**Exercise description**
Your answer should give again, exactly, the lines from the beginning of the entries below through the line containing "Séminaire Energies marines". It must contain no pictures.

Caption-style text data:

◇ ◇ ◇ ◇ ◇

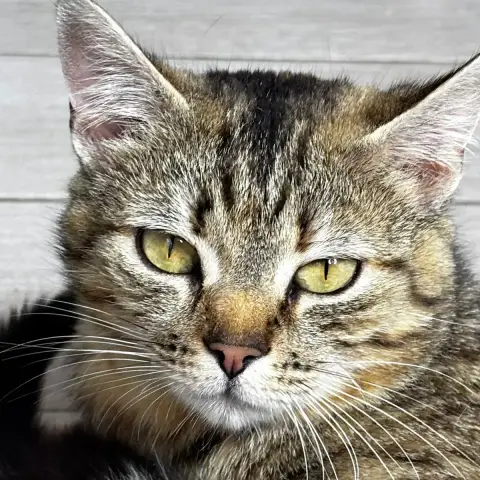 Bella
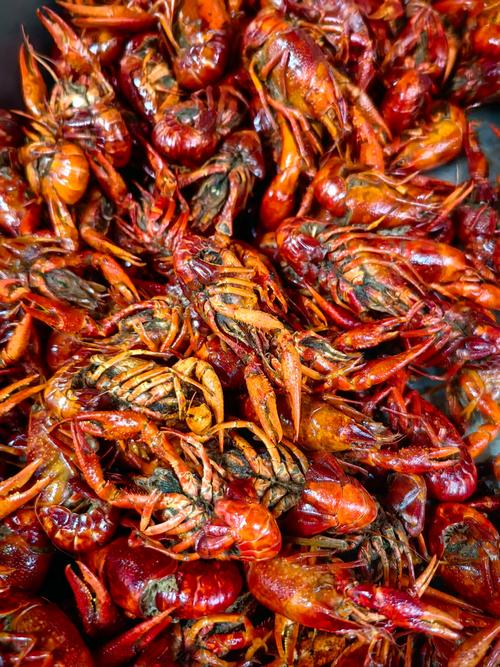 淡水小龙虾究竟有多少品种？-图2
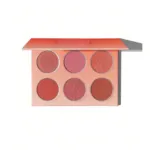 Sheglam Floral Flush Blush Palette - Cottage Core Garden (China)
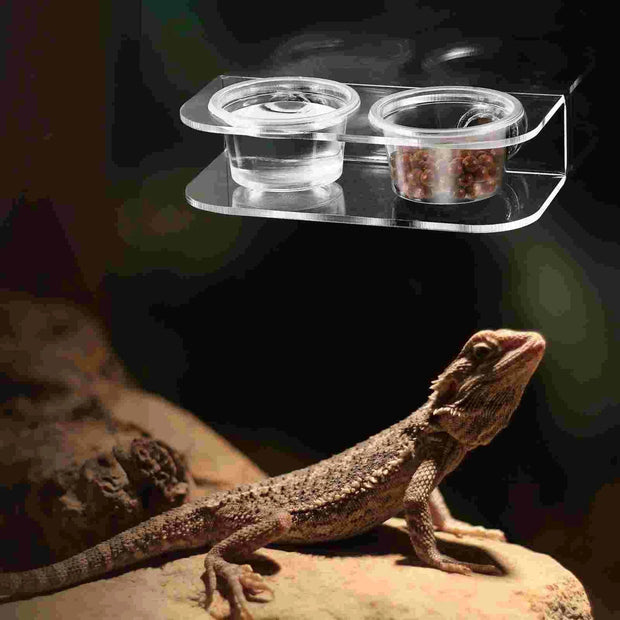 Premium Acrylic Pet Feeder Reptile Feeding Cups Gecko Food Bowls Animal Feeding Supplies Reptile Watering Dishes For Brodster Market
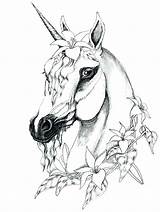 Unicorn Pages Coloring Adults Getcolorings Astonishing Cute Getdrawings sketch template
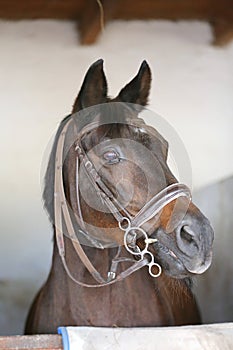 Closeup head shot of a beautiful stallion in the stable door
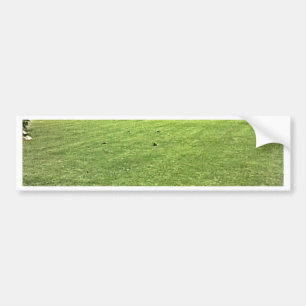 Stratford-upon-Avon England On-The-Green jGibney Bumper Sticker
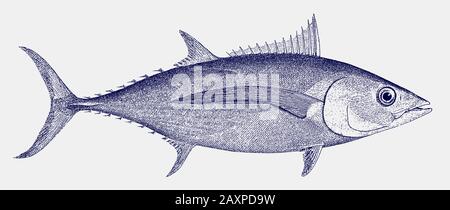 Albacore or longfin tuna, thunnus alalunga, a fish from the atlantic, indian and pacific ocean in side view Stock Vector
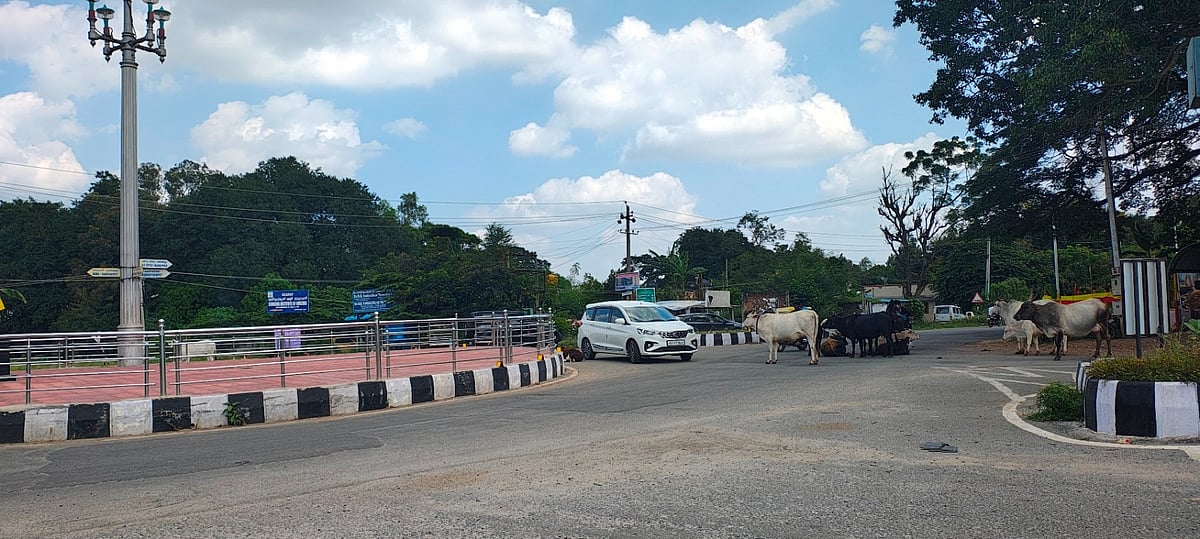 ಕೆಜಿಎಫ್: ನಗರಸಭೆ ನಿರ್ಲಕ್ಷ್ಯದಿಂದ ಬಿಡಾಡಿ ದನಗಳ ತಾಣವಾದ ಪೈಲಟ್ಸ್‌ ಸರ್ಕಲ್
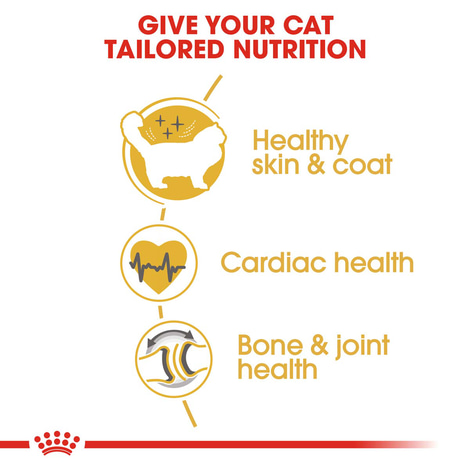 ROYAL CANIN Ragdoll Adult Katzenfutter trocken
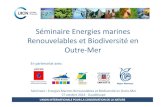 Séminaire Energies marines Renouvelables et Biodiversité en … · Potentiel et projets EMR à l’Outre-mer • Soutenir la réalisation d’une caractérisation fine des potentiels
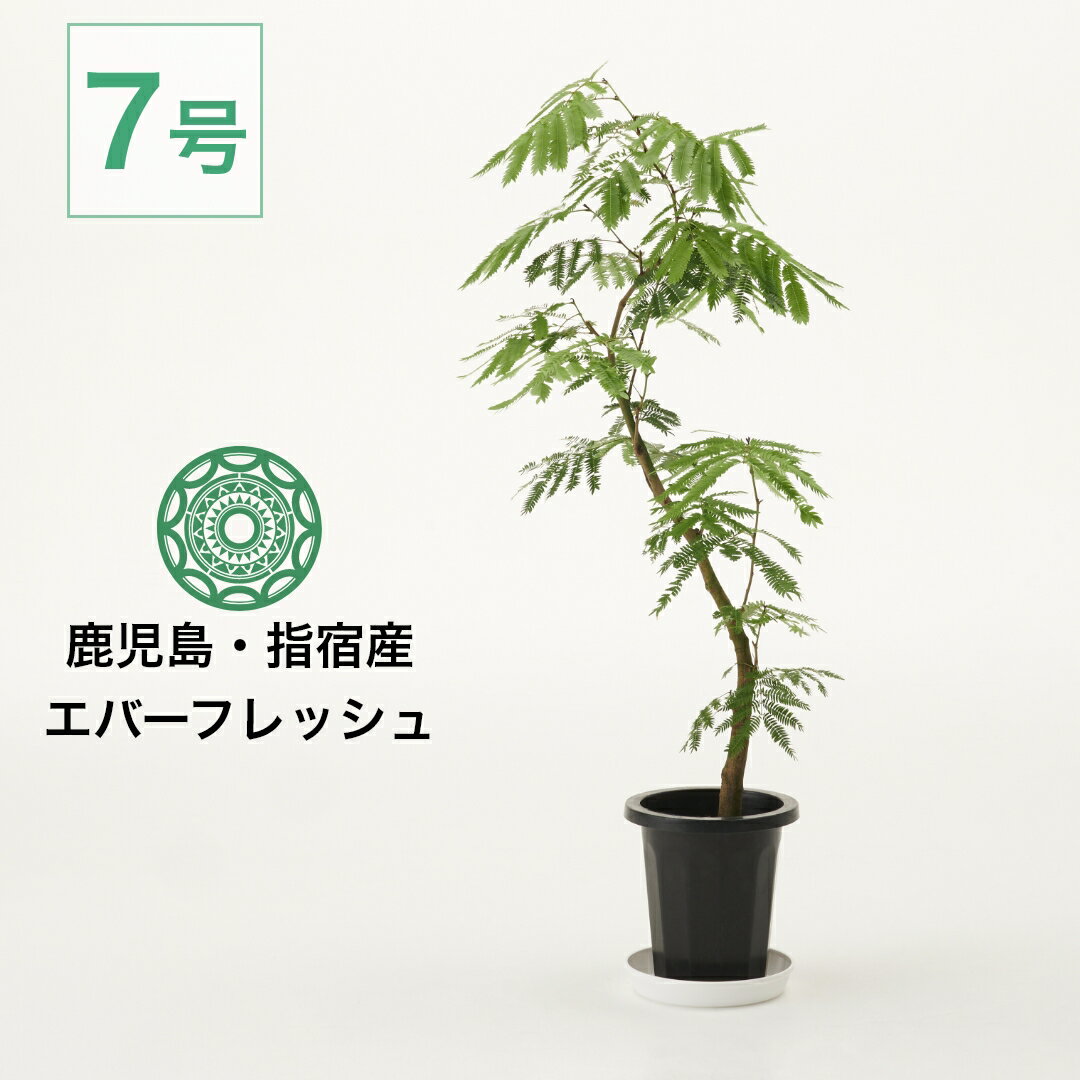 【全品5%off★5/16 1:59まで】観葉植物 エバーフレッシュ 大型 7号 インテリア おしゃれ 大きい 指宿 北欧 開店祝い 新築祝い 引っ越し祝い コテラ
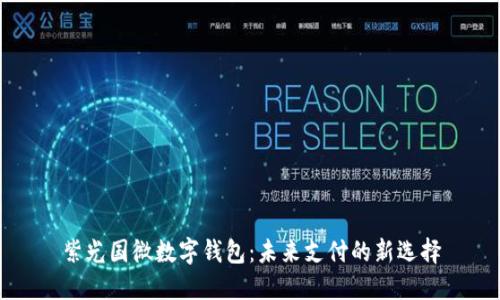 紫光國微數(shù)字錢包：未來支付的新選擇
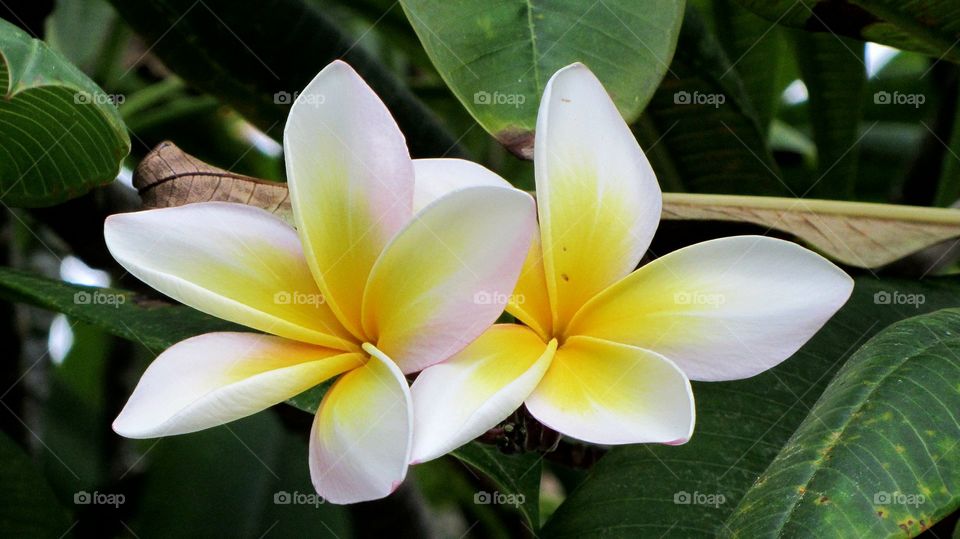 Plumeria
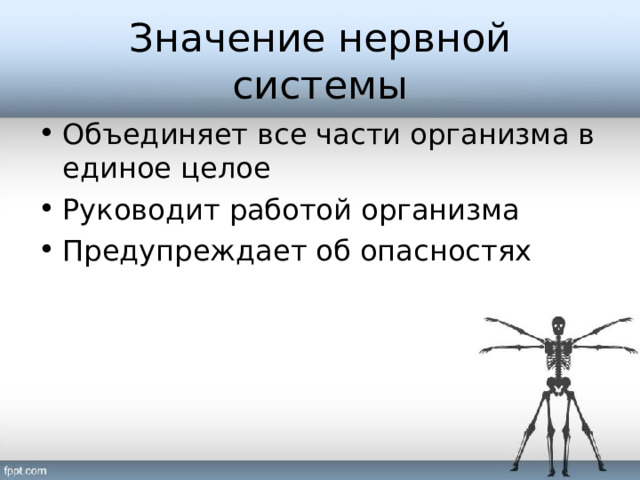 Значение нервной системы Объединяет все части организма в единое целое Руководит работой организма Предупреждает об опасностях 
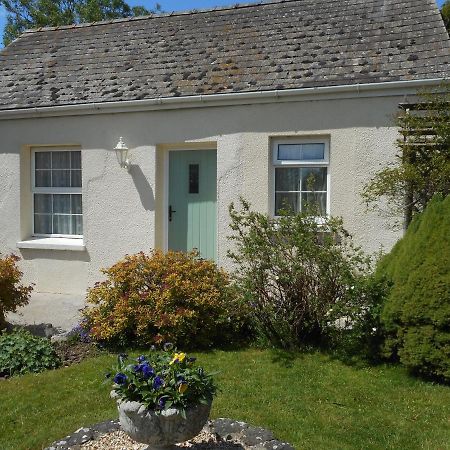 Glascoed Farmhouse Carmarthen Bagian luar foto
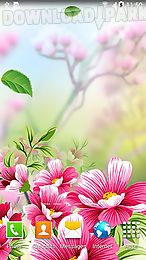 flowers by live wallpapers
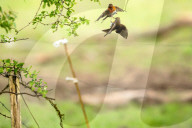 Robins territorial fight by Olivier Jarry-Lacombe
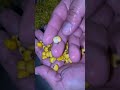 como pelar maiz🌽 con ceniza en colombia😎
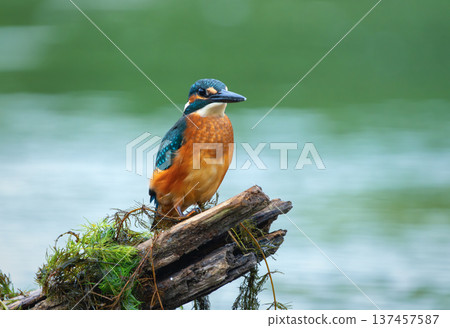 Detailed close-up of a vibrant kingfisher on a mossy log 137457587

◇ ◇ ◇ ◇ ◇

**Result of the exercise**
 Bella
 淡水小龙虾究竟有多少品种？-图2
 Sheglam Floral Flush Blush Palette - Cottage Core Garden (China)
 Premium Acrylic Pet Feeder Reptile Feeding Cups Gecko Food Bowls Animal Feeding Supplies Reptile Watering Dishes For Brodster Market
 Unicorn Pages Coloring Adults Getcolorings Astonishing Cute Getdrawings sketch template
 Closeup head shot of a beautiful stallion in the stable door
 Stratford-upon-Avon England On-The-Green jGibney Bumper Sticker
 Albacore or longfin tuna, thunnus alalunga, a fish from the atlantic, indian and pacific ocean in side view Stock Vector
 ಕೆಜಿಎಫ್: ನಗರಸಭೆ ನಿರ್ಲಕ್ಷ್ಯದಿಂದ ಬಿಡಾಡಿ ದನಗಳ ತಾಣವಾದ ಪೈಲಟ್ಸ್‌ ಸರ್ಕಲ್
 ROYAL CANIN Ragdoll Adult Katzenfutter trocken
 Séminaire Energies marines Renouvelables et Biodiversité en … · Potentiel et projets EMR à l’Outre-mer • Soutenir la réalisation d’une caractérisation fine des potentiels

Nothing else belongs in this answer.